=== What you should do ===
Without any of its pictures, the listing below should be output exactly.
───── Input records
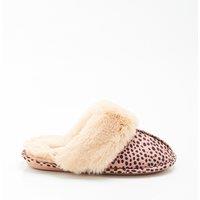Thermolactyl Memory Foam Mules in Leopard Print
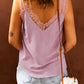 Eyelash V Neck Cami Tank Top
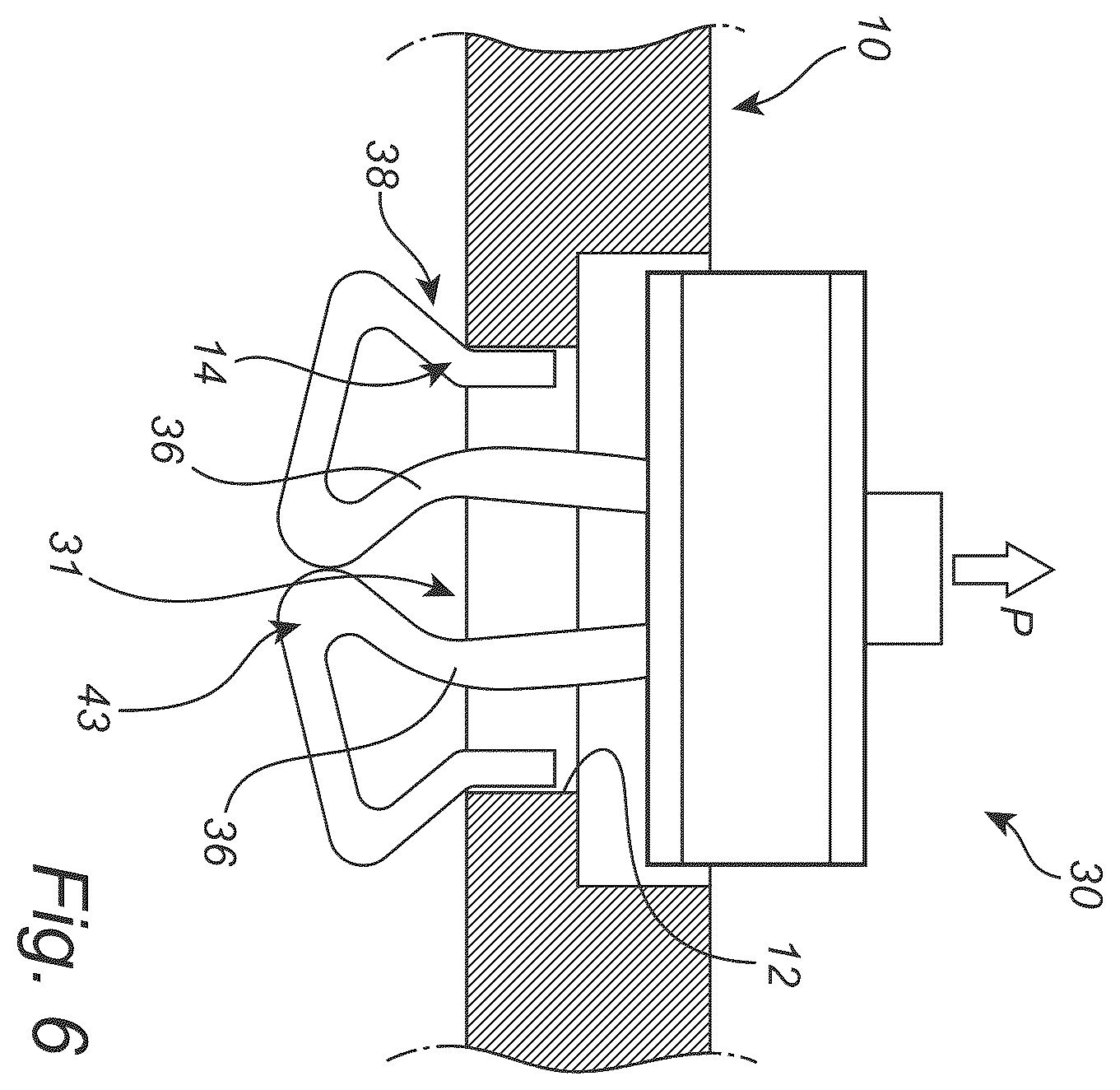 Patent US12488666 Figure 5 – System for mounting on a surface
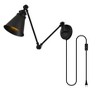 Elegant Lighting Foster 1 light Black and Clear Bath Sconce - 4 of 4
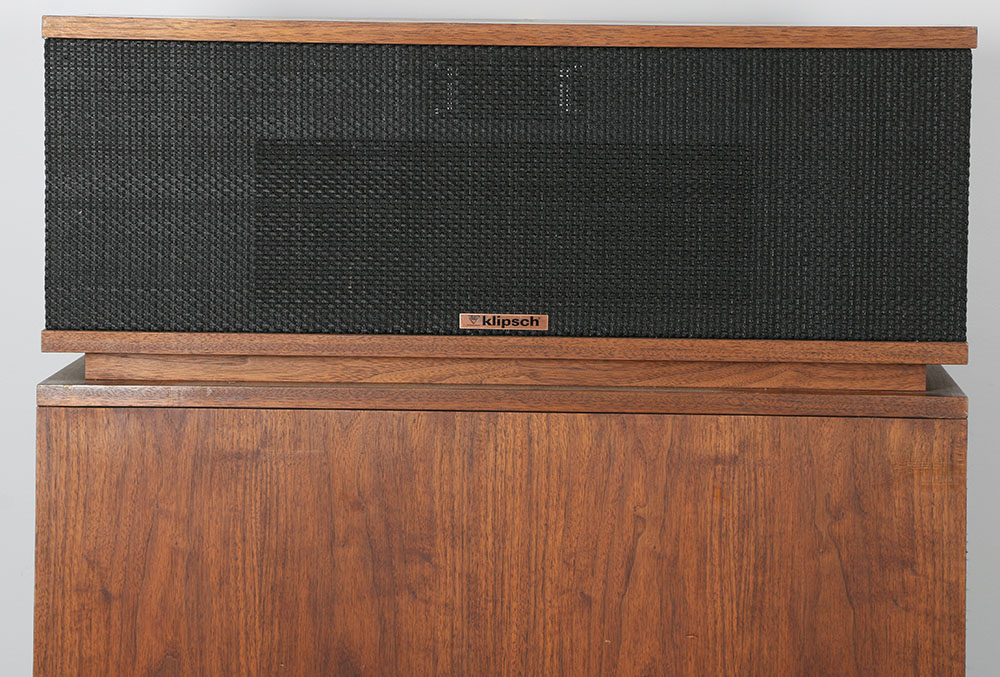 Vintage Klipsch Klipschorn Corner Horn Floorstanding Tower Home Speaker Cabinet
──────────
=== Written response ===
Thermolactyl Memory Foam Mules in Leopard Print
 Eyelash V Neck Cami Tank Top
 Patent US12488666 Figure 5 – System for mounting on a surface
 Elegant Lighting Foster 1 light Black and Clear Bath Sconce - 4 of 4
 Vintage Klipsch Klipschorn Corner Horn Floorstanding Tower Home Speaker Cabinet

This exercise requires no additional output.